Году примерно в 2007 мне попалось книжное издание «Жизни и судьбы», аккуратный двухтомник. На обложке стояла монохромная фотография из какого-то советского фильма, обильно уснащенная цветными георгиевскими ленточками. Я даже засмеялась: чтобы оправдать этот дизайн, из романа надо было бы убрать чуть больше половины. Очевидно, что сокращению текст не подвергли только потому, что в издательстве его никто не читал.

Гроссман написал книгу, в которой война трактуется как совокупность условий обнажения истины. В непроницаемой пелене страха, плотно укутывавшей довоенную жизнь во всех ее проявлениях, с началом войны образуются разрывы:

«Казалось, что неминуемо придет логика еще более могучая, логика правды. Никогда такие разговоры не велись до войны. <…> О, чудная, ясная сила откровенного разговора, сила правды! Какую страшную цену платили люди за несколько смелых, без оглядки высказанных слов».

Былое и настоящее начинает жадно осознаваться. Новой оценке подвергаются не только социально-исторические реалии, но и реальность межчеловеческих связей, семейных отношений, коммунальных разборок. Где бы ни разворачивалось действие каждой конкретной части: под Сталинградом, в переполненной эвакуированными Казани, в Москве, в сибирском лагере, в Освенциме, в еврейском гетто одного из украинских городков, в немецком лагере для военнопленных, речь всегда идет о правдивой переоценке прожитого, о проговаривании истины перед лицом близящейся смерти.

Роман Гроссмана эссеистичен — в нем много рассуждений и субъективных оценок. Его герои — ходячие точки зрения, достоверность которых подкреплена их жизнями и судьбами. Важнейшей чертой этого сочинения является полнота представленных воззрений. В книге идет Вторая мировая война, а не сконструированная в Политбюро Великая Отечественная; там действуют немцы и русские, там есть союзники, там Рейх осуществляет свой план по уничтожению евреев, а в немецком лагере для военнопленных идет запись в Освободительную русскую армию. Старая немка Женни Генриховна кормит кота и вспоминает о первых днях революции, а князь Шарогородский, историк-любитель и графоманствующий стихотворец, получает работу, о которой до войны не могло быть и речи.

От прочих советских сочинений о войне, которыми нынешних тридцатипятилетних и старше неумеренно пичкали в школе, эта книга отличается отказом от избирательности: в ней рассказываются все известные автору военные истории. Собственно, поэтому она и не входит в диссонанс с западной военной прозой. Она написана человеком, осмысляющим случившееся, а не советским автором, исполняющим (талантливо или бездарно) заказ на военную тему.
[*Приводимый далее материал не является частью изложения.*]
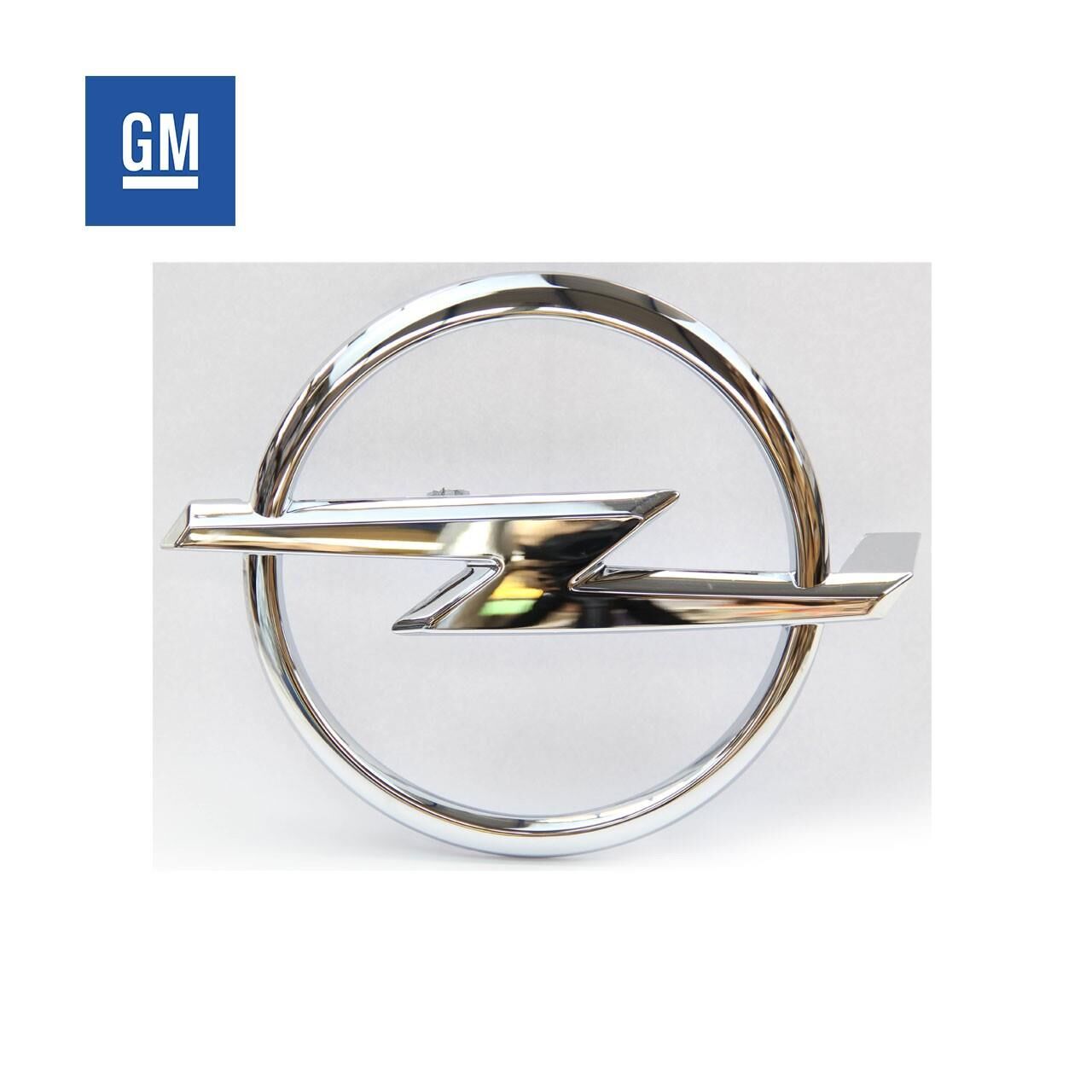 PSA (MOPAR) 93185640 Opel Zafira B Ön Panjur Arması Orijinal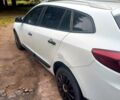 Рено Меган 2009 в Каменское - Днепродзержинск на Automoto.ua Белый Рено Меган, объемом двигателя 1.5 л и пробегом 240 тыс. км за 6000 $, фото 3 на Automoto.ua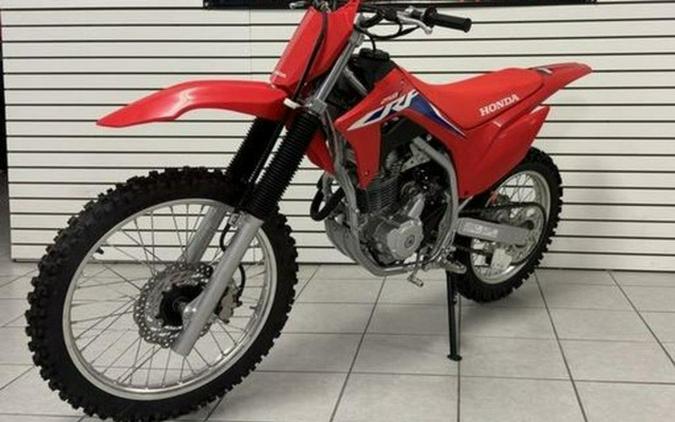 2024 Honda CRF 250F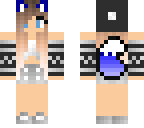 blue blood wolf girl
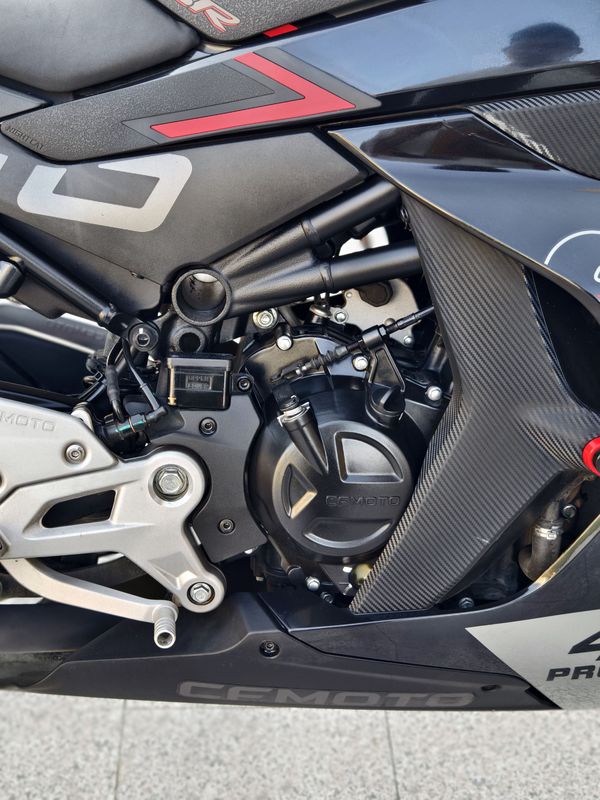 二手春风450SR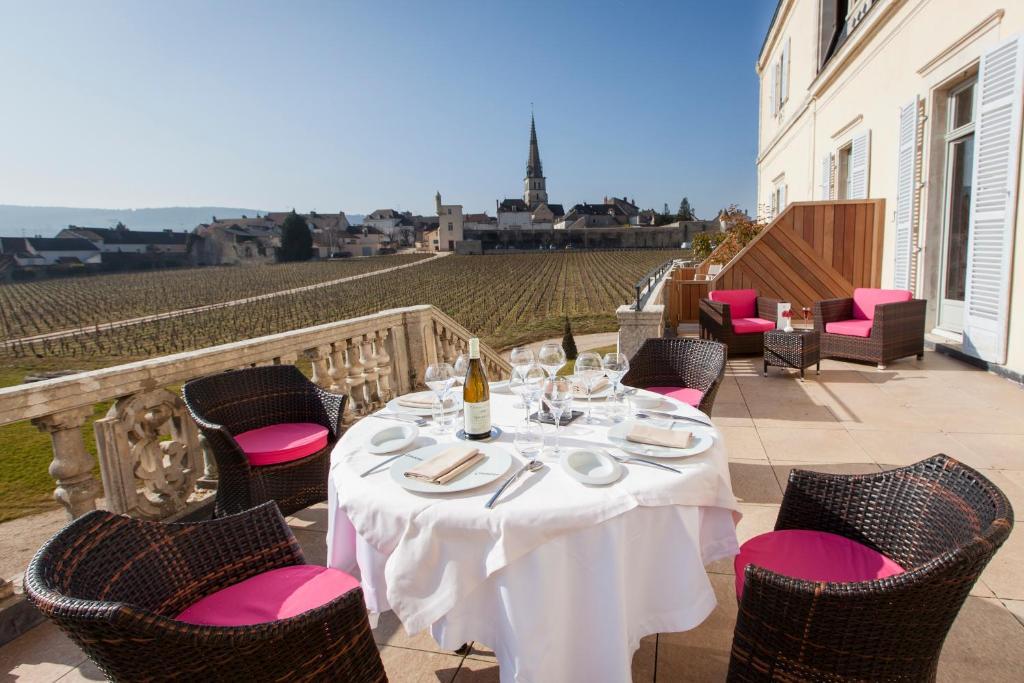 Chateau & Spa De La Cueillette Meursault Dış mekan fotoğraf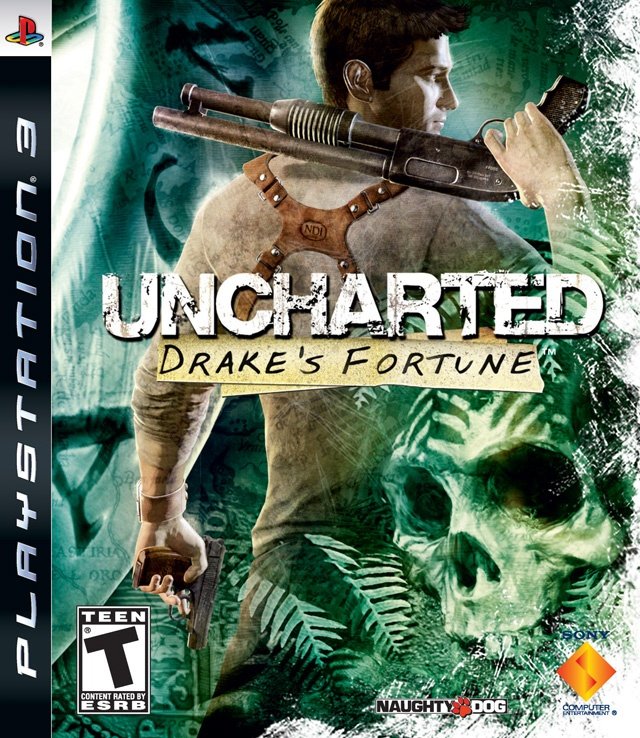 Uncharted drake s fortune ps3 трофеи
Одним словом, если перед телеканалом «Россия» стояла задача отметить семидесятилетие Сталинградской битвы, являющейся — в традиционной школьной историографии — переломным моментом Великой Отечественной войны, то менее подходящий текст для экранизации найти было сложно. «Россия», впрочем, нашла подходящего сценариста.

От необходимости выражать бурный гнев по поводу того, что сделал с книгой Гроссмана Эдуард Володарский, меня избавил Денис Горелов — в его рецензии на Colta.ru страстность сочетается со справедливостью, а фраза «Сталинград находится там, где водка впадает в Каспийское море» наверняка получит статус пословицы, характеризующей русскую жизнь в целом.

Принцип работы над текстом, в соответствии с которым всякая живая мысль отсекается, а война сводится к беготне с автоматами, разработке атомной бомбы и разговорам о величии русской нации и возрождении веры, Горелов описал исчерпывающе. Мне важно понять, зачем Володарскому надо было так тщательно вычищать из сценария еврейскую линию, без которой представленная в книге война превращается в другую войну, а ключевое для романа Гроссмана сопоставление разных систем лагерей становится невозможным. Чем руководствовался человек, решившийся в 2012 году рассказать нам о Второй мировой войне без упоминания о Холокосте?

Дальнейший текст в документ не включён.